東京湾岸のあるビルの地下室。無機質な蛍光灯が微かに揺れる薄暗い空間で、八人の男と一人の女が円卓を囲んでいた。机の上には、輸送経路を示す地図、衛星写真、そしてトラックの車列に関する情報が広げられている。

「標的は輸送中のトマホーク巡航ミサイル。タイミングは県道、トンネルの中だ。核弾頭搭載型を一基だけで良い」

リーダーのコードネームは〝カイザー〞。筋肉質な体と冷静な目つきが特徴の40代後半の男だ。地図の一点を指差しながら静かに話し始めた。

「ここが最適なポイントだ。トンネル内はGPSが不安定で、衛星追跡が一時的に途切れる可能性が高い。警護車両は軽装甲車2台、トラックの前後に配置される。予想兵員数は合わせて10〜15名程度。だが、相手は自衛隊の精鋭だ。侮るな!」

「質問は? 疑問は全て払拭してから作戦開始だ。ミスは許されないからな」

「スケジュールは?」と質問したのは、戦術班の責任者である〝グリム〞。髭を短く刈り込んだ中肉中背の男だ。

「トラックは24時30分に米軍基地を出発し、当該トンネルには25時45分に到達する見込みだ」カイザーが応じた。

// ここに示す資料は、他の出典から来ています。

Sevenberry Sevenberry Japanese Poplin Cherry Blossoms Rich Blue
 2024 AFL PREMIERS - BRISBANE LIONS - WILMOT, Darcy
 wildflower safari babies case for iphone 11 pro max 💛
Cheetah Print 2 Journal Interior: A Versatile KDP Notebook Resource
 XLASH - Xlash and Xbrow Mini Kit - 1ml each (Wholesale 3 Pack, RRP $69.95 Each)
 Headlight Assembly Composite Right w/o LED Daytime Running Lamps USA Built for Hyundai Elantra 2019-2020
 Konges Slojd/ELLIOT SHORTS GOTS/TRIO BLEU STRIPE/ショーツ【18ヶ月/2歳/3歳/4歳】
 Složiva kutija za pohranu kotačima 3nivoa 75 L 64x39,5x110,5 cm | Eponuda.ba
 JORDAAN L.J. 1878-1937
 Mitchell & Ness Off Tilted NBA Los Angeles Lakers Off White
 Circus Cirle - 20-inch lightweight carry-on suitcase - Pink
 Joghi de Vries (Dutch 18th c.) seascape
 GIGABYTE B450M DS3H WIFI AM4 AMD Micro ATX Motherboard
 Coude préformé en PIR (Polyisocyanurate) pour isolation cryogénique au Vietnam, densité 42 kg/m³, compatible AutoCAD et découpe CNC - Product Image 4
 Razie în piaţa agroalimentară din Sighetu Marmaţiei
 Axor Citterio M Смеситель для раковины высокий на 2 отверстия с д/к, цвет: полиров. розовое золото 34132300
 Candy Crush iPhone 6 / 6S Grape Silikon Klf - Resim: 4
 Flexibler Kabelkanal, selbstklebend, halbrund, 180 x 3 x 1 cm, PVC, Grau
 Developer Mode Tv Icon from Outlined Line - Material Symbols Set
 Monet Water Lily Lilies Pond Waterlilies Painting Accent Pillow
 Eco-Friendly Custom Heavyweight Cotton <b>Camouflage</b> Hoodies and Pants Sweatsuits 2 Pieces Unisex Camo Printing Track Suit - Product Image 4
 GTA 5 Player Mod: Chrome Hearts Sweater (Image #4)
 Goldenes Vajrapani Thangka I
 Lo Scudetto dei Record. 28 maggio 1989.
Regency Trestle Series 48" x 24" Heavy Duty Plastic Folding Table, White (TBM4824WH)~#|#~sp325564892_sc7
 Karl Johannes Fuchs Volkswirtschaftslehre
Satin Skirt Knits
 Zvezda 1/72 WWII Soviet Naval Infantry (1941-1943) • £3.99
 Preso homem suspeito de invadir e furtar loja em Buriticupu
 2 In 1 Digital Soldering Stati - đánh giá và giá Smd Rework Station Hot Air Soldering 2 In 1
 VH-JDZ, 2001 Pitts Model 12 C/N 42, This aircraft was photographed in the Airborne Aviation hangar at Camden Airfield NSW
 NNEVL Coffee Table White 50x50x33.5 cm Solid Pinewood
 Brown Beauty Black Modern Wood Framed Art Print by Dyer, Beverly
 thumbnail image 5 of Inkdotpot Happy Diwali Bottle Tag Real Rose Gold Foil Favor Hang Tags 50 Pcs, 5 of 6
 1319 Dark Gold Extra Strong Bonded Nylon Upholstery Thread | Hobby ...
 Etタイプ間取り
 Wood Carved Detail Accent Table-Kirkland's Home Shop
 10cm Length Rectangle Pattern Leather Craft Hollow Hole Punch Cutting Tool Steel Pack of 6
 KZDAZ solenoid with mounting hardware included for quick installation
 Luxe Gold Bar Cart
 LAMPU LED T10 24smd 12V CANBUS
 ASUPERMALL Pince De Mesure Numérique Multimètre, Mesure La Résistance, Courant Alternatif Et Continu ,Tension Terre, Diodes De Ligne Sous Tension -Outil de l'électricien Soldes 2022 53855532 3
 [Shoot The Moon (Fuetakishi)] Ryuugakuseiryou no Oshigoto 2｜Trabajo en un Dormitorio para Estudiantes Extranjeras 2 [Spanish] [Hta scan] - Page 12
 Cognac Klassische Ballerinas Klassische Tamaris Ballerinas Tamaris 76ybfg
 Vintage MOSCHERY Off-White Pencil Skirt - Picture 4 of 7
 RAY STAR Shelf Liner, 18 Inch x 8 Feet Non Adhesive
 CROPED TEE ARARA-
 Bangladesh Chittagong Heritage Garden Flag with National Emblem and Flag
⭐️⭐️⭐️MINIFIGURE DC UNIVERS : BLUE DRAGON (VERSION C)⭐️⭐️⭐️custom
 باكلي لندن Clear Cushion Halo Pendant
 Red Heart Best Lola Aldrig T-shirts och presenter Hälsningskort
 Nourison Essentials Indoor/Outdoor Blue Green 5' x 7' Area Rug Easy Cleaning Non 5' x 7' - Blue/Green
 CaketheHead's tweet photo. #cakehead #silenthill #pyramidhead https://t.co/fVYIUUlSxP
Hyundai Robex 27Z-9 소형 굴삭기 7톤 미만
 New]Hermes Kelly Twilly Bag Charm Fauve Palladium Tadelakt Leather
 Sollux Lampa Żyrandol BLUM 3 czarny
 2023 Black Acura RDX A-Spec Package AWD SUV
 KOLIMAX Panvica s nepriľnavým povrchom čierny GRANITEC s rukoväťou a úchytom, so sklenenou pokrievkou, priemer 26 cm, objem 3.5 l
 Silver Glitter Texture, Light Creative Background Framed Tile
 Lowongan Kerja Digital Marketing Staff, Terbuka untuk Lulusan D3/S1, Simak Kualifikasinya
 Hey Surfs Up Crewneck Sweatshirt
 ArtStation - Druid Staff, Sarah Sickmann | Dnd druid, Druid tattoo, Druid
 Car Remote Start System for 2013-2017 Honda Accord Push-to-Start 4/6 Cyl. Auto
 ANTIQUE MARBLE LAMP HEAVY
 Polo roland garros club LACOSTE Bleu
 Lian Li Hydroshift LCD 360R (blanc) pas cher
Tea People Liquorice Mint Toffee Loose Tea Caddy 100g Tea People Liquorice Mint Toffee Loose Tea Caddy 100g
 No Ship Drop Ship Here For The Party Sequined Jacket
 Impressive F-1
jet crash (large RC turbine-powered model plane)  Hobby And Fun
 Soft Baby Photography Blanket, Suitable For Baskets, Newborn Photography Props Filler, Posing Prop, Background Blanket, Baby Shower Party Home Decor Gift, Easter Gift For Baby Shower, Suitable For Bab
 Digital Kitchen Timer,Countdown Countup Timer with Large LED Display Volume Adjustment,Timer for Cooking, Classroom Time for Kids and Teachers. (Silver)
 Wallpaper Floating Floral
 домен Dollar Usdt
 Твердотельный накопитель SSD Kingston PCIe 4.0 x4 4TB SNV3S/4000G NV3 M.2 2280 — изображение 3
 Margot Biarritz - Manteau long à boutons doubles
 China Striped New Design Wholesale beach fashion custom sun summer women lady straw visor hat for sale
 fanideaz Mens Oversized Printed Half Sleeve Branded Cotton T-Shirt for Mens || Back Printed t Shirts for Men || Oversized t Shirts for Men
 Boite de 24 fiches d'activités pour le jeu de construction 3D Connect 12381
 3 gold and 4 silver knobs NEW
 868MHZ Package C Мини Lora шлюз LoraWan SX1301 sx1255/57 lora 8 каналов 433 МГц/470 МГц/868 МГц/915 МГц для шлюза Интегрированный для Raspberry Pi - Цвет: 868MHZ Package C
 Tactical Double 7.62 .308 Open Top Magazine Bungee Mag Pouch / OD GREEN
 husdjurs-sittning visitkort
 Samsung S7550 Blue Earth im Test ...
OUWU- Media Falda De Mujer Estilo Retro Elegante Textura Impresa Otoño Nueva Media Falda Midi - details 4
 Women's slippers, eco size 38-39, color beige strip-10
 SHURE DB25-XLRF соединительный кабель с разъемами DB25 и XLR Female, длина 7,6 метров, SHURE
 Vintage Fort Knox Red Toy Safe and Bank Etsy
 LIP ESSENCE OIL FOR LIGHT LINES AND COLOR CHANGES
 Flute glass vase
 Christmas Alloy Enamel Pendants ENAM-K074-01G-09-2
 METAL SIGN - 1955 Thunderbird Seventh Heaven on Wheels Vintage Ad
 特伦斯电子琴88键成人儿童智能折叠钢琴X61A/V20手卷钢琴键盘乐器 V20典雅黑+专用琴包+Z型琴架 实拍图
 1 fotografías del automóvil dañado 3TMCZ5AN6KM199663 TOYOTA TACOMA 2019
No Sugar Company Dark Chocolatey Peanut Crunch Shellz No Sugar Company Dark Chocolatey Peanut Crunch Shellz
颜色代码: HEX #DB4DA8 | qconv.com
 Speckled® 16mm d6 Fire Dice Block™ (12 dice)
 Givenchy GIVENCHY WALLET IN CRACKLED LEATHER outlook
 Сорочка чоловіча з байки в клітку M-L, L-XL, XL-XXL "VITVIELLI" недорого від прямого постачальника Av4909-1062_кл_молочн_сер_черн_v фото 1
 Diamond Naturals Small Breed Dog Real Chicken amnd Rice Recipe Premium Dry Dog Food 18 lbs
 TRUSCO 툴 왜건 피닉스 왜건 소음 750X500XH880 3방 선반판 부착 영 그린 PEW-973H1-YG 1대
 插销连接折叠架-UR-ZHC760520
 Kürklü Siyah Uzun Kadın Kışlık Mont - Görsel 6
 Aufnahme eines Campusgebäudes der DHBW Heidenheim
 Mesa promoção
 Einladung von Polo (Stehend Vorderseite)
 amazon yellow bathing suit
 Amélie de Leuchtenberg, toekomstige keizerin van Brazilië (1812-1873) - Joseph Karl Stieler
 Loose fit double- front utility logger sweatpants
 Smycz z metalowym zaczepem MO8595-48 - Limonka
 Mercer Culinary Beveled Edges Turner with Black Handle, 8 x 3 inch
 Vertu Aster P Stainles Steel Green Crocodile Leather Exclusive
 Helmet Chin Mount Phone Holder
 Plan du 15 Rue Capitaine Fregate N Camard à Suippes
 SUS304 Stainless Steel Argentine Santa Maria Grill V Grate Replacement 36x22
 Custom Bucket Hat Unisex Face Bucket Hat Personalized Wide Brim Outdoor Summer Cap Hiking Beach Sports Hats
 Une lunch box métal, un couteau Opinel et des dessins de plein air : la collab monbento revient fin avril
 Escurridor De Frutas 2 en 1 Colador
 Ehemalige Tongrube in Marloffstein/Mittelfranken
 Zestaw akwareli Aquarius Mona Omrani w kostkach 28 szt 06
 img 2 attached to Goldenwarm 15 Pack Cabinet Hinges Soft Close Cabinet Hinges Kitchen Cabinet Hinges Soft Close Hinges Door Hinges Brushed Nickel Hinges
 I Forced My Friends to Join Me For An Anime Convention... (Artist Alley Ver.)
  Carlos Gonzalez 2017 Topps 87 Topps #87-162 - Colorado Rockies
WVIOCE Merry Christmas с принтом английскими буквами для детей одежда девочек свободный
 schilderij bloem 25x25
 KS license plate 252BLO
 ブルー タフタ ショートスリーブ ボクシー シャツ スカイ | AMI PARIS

「作戦の成功率は、完全に準備とタイミングにかかっている。妨害電波を使う時間は正確に5分間、それ以上長引けば追撃部隊が現れる」

メンバーの一人、電子戦の専門家である〝リリー〞が小型の電波妨害装置を机に置いた。

「これが鍵になるわ。この装置はトラックの通信を遮断し、警備車両同士の連携も切る。けど、出力が大きすぎると、我々のドローン操作も影響を受ける。精密な調整が必要よ」

その言葉に、カイザーは一瞬眉を寄せた。「調整が間に合わなければどうなる?」

「ジャマーなしで挑むことになるけど、それは避けるべきね。リスクが跳ね上がる」リリーは即答した。